In this post, NHDMO Coordinator Maggie Mayhan describes the value of DPLA as a resource for NHD student researchers. To learn more about DPLA and National History Day partnerships, please email education@dp.la.


Show-Me History

Each year more than 3,500 Missouri students take part in National History Day (NHD), a unique opportunity for sixth- through twelfth-grade students to explore the past in a creative, hands-on way. While producing a documentary, exhibit, paper, performance, or website, they become an expert on the topic of their choosing.

In following NHD rules, students quickly learn that the primary sources they are required to use in their projects also help them to tell their stories effectively. But where do they start their search for those sources? How can it be manageable and meaningful?

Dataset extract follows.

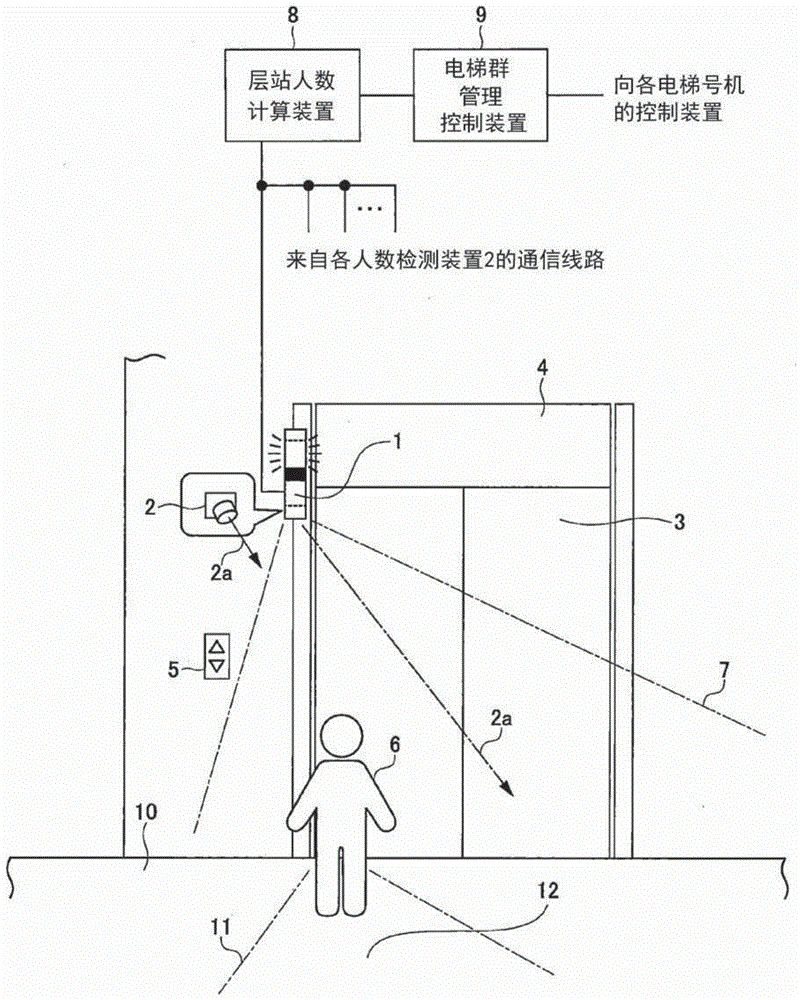 电梯系统及电梯的群管理控制方法与流程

Enter Digital Public Library of America (DPLA). Collecting and curating digital sources from libraries, museums, and archives, the DPLA portal connects students and teachers with the resources that they need. For students who cannot easily visit specialized repositories to work with primary sources, DPLA may even be the connection that enables them to participate in National History Day.

National History Day in Missouri loves how DPLA actively works to fuse history and technology, encouraging students to use modern media to access and share history. Knowing how to use new technologies to find online archives, databases, and other history sources is important for future leaders seeking to explore the past.

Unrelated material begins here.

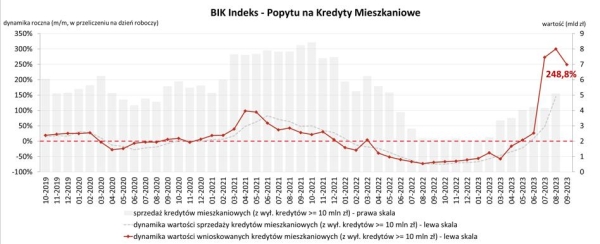 Ceny mieszkań w górę nawet o 30 proc., RPP zaskoczyła skalą obniżki i manipulacja na GPW. Tydzień na wykresach - INFBusiness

Seeing the potential for a meaningful collaboration in which students uncover history through the DPLA collections and put their own stamp on it through National History Day projects, the Digital Public Library of America became a major program sponsor in 2015.

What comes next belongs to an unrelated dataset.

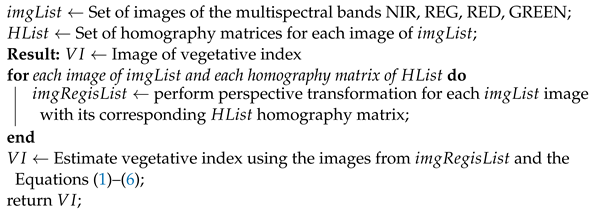 Remotesensing 14 00356 i001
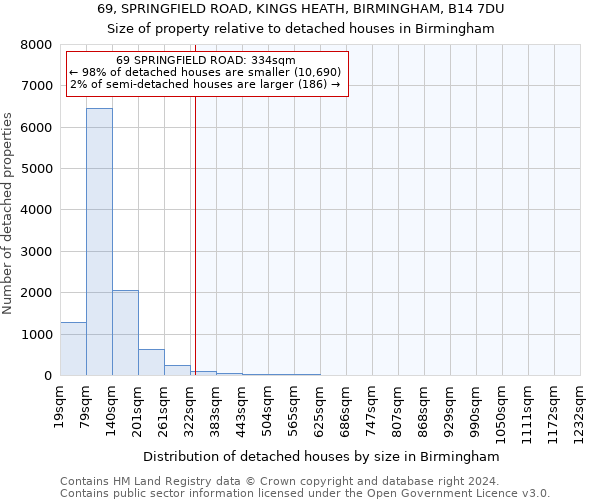 69, SPRINGFIELD ROAD, KINGS HEATH, BIRMINGHAM, B14 7DU: Size of property relative to detached houses in Birmingham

Additionally, DPLA sponsors a special prize at the National History Day in Missouri state contest, awarded to the best documentary or website that extensively incorporates DPLA resources. The 2015 prize winners, Keturah Gadson and Daniela Hinojosa from Pattonville High School in St. Louis, pointed out that DPLA access was important for their award-winning website about civil rights activist Thurgood Marshall:

We found that the sources on the Digital Public Library of America fit amazingly into our research and boosted it where we were lacking… the detail we gained from looking directly at the primary sources was unmatched…DPLA sources completed our research wonderfully.

National History Day in Missouri is excited to continue this partnership in 2016, and we look forward to seeing what resources students will discover as they focus on the 2016 contest theme, Exploration, Encounter, Exchange in History.